Leave out the pictures and retype, exactly, the lines below from the line with "Tiny photo for" up to and including the line with "Controls of 2013 XC70 3.2", nothing more.

==== DATA SUPPLIED

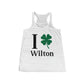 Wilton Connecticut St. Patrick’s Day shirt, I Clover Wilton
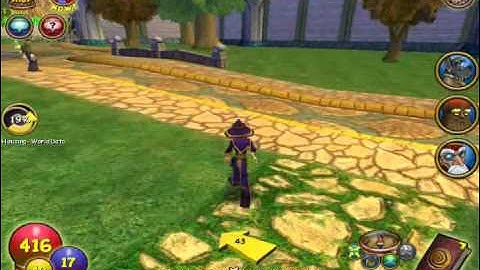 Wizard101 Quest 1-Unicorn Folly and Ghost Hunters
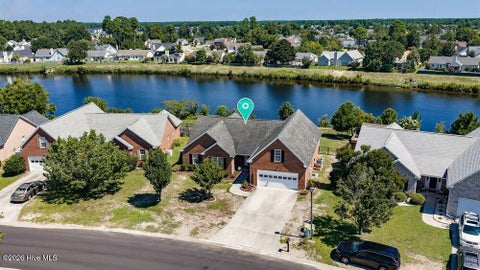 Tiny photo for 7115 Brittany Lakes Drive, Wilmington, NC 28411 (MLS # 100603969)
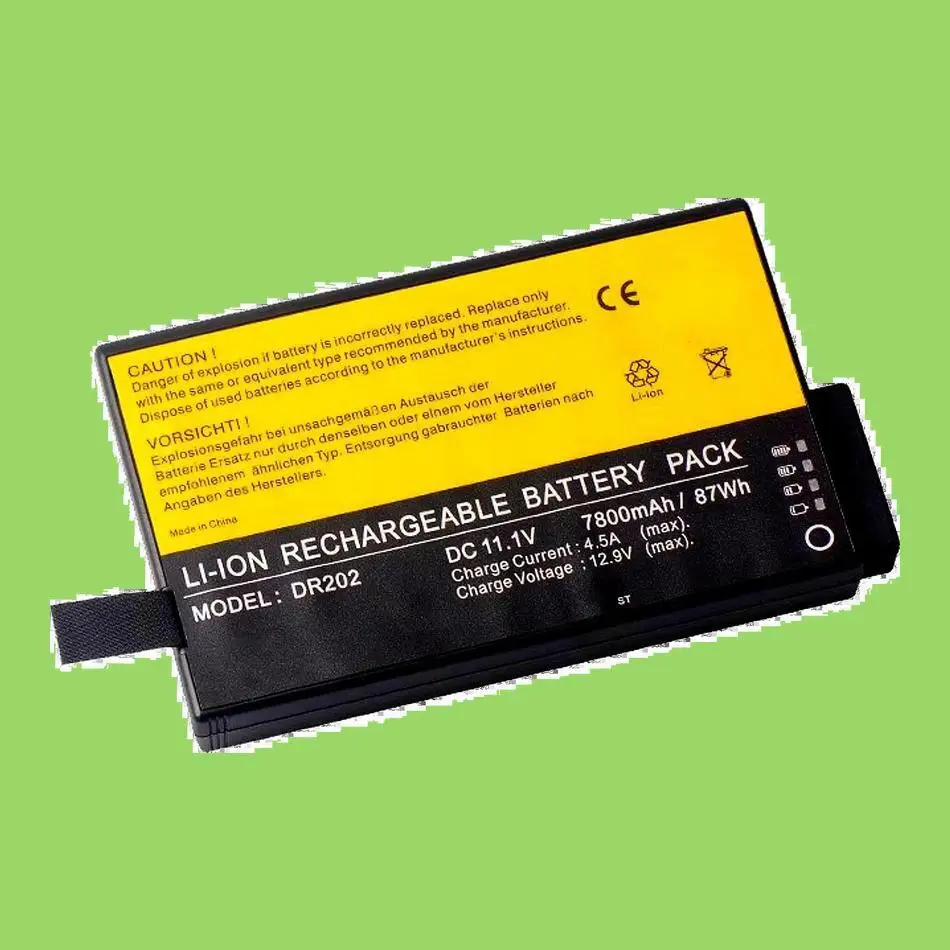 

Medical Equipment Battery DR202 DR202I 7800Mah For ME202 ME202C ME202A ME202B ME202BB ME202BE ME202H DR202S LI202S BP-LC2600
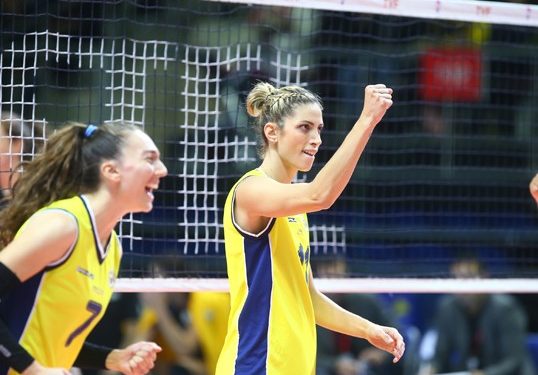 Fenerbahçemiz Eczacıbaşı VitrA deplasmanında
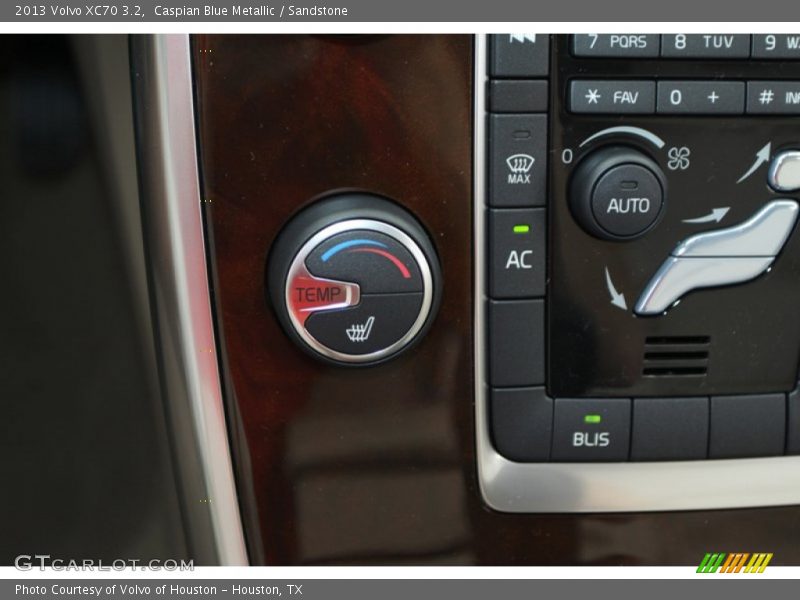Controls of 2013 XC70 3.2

========
==== DATA SUPPLIED

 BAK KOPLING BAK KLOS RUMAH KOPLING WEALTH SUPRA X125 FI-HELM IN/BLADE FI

========

## RESULT OF THIS TASK
 Tiny photo for 7115 Brittany Lakes Drive, Wilmington, NC 28411 (MLS # 100603969)

Medical Equipment Battery DR202 DR202I 7800Mah For ME202 ME202C ME202A ME202B ME202BB ME202BE ME202H DR202S LI202S BP-LC2600
 Fenerbahçemiz Eczacıbaşı VitrA deplasmanında
Controls of 2013 XC70 3.2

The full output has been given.